Man Group is looking to make $75 million worth of savings, by cutting pay and jobs. That must have cheered investors, as did the news that the rate of consumption actually slowed, because its share price rose 6% on the news.
Investors were evidently expecting worse.
Like stock markets, fund manager stocks started 2011 year in a positive frame of mind. It all went wrong in the summer, as investors fled the eurozone, and started hunting around for safe havens.
Market volatility and reduced liquidity also made life hard for fund managers.
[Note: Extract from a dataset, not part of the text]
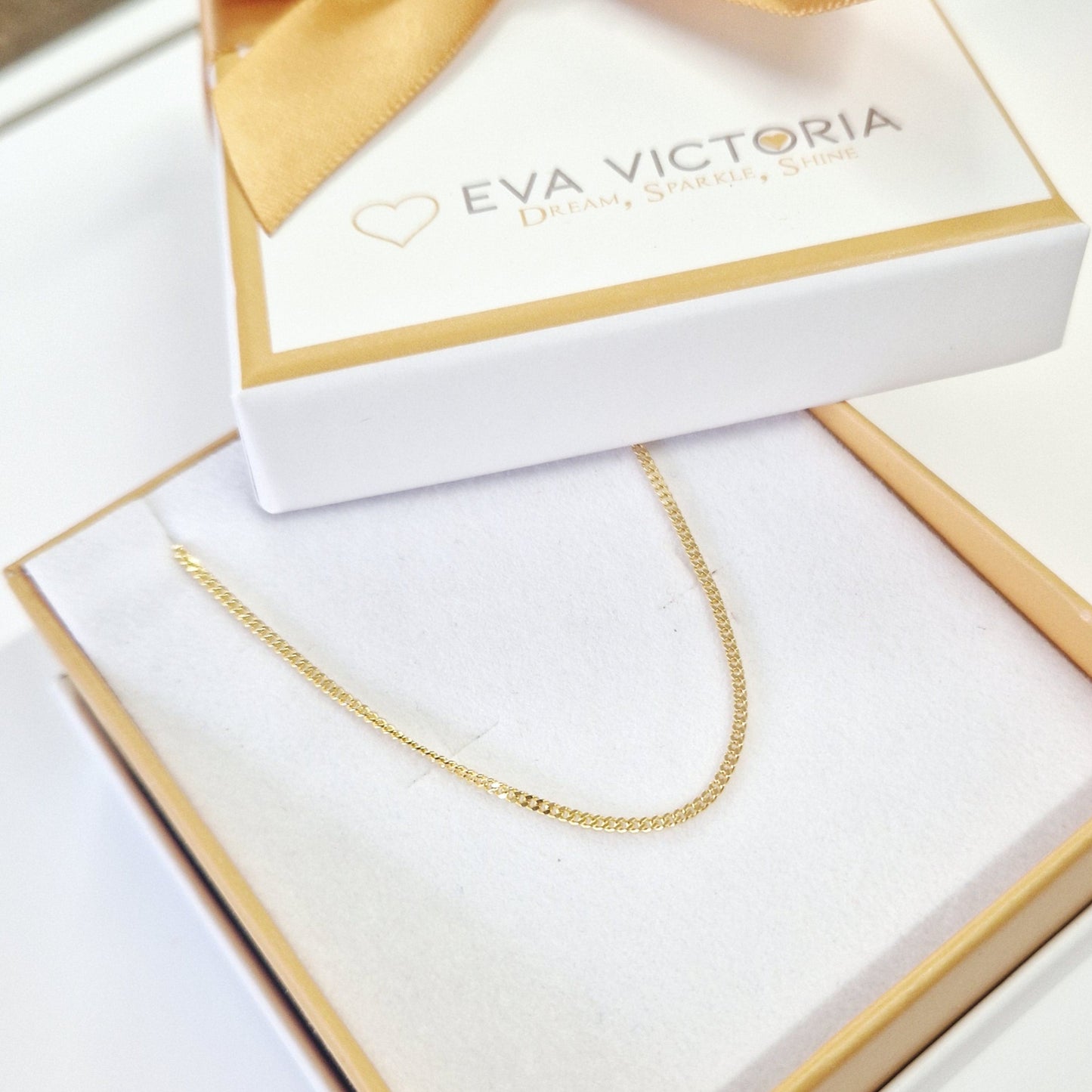 Sterling Silver Gold Plated Flat Curb Chain 1mm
So what next?
Man Group chief executive Peter Clarke is optimistic, expecting things to improve "as markets normalise and trading opportunities we emerge". Efficiency savings and a strong capital base should put Clarke's commandos in a good position when investor demand finally picks up, he says.
Jupiter also had a tough end to 2011, suffering a net outflow of £225 million in the final three months after it decided to close its Bermuda-based hedge operation. It still enjoyed positive overall net inflow of £746 million across 2011. As markets picked up, assets under management rose from £22.3 billion to £22.8 billion in the final quarter.
Again, chief executive Edward Bonham Carter blamed "volatile market conditions and reduced investor confidence". So will fund management groups automatically pick up when markets are less volatile and investors more confident?
Fund management looks a great business to be in. After all, you're effectively gambling with somebody else's money. If your funds struggle, your customers lose money but you collect your fees just the same.
Some fund managers have perfected this crazy model by charging performance fees when they do well, but refusing to offer any discounts when they do badly. In good years and bad, they pick up their annual management fees.
Investors have slowly got wise to this, hence the growing popularity of exchange-traded funds and other low-charging trackers, and the warm, almost desperate welcome, given to US tracker specialist Vanguards.
You can't automatically assume that fund managers will do well when markets do. After an initial stock market spurt when the eurozone panic eventually abates, growth is likely to be slow, as the Western world slowly begins the painful process of deleveraging. Fund managers might find it hard to get clients excited about growth of 3% or 4% a year.
That said, fund managers are an ingenious bunch, especially when squeezing money out of clients. Just look at the success they've had with fund of funds, which impose a double set of charges. In the first half of 2011, sales hit a record £3.8 billion.
I would rather invest in asset manager stocks than their funds. When markets recover, they should spring back from their current lows. Best of all, you can share in their growth without paying those hefty initial and annual management charges.